─── INFORMATION GIVEN ───

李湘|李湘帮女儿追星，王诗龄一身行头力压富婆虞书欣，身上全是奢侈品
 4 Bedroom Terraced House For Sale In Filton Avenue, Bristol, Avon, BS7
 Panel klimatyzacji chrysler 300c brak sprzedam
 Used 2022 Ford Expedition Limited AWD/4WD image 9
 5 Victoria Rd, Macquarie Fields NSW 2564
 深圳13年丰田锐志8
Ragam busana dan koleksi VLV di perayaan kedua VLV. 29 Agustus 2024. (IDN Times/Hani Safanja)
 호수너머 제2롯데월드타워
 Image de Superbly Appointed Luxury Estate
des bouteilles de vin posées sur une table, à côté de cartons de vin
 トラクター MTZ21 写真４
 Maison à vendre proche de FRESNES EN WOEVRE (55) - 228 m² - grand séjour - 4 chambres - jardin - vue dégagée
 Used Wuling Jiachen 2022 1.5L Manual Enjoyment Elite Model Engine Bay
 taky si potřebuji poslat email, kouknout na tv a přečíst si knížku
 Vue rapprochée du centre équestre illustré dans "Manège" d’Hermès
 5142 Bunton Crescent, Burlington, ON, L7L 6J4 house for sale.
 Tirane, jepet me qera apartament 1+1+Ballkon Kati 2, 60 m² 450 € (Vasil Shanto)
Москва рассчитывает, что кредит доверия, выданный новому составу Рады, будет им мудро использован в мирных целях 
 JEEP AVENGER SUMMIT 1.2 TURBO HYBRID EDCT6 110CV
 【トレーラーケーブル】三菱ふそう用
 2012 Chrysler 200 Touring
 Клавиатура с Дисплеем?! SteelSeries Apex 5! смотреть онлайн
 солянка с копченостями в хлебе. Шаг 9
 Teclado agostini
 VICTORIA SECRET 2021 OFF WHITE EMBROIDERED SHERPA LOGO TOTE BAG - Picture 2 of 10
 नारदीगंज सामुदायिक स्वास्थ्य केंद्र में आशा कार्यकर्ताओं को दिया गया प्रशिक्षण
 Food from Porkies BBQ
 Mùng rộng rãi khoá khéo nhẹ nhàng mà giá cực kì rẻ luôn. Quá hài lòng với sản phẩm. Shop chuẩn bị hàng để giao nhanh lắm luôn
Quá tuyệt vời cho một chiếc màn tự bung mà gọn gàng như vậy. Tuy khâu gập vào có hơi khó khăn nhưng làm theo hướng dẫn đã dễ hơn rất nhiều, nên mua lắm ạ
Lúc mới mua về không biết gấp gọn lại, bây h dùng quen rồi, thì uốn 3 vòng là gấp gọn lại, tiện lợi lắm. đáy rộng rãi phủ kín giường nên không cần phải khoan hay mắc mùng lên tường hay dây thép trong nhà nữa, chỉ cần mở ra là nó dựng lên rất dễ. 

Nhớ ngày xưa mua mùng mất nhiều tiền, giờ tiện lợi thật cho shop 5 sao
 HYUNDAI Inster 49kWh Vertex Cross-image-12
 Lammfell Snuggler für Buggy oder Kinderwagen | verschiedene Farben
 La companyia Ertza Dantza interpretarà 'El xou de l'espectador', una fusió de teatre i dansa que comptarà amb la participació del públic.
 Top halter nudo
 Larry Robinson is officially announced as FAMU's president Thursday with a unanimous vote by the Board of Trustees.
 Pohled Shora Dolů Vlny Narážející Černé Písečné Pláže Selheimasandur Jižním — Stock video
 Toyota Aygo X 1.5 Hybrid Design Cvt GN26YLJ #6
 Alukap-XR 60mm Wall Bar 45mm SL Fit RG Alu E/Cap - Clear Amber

───

- _TASK OBJECTIVE_: Lines containing the word "Used" in the entries above should be counted, and only that number given.

- _SOLUTION FOR THIS EXERCISE_: 2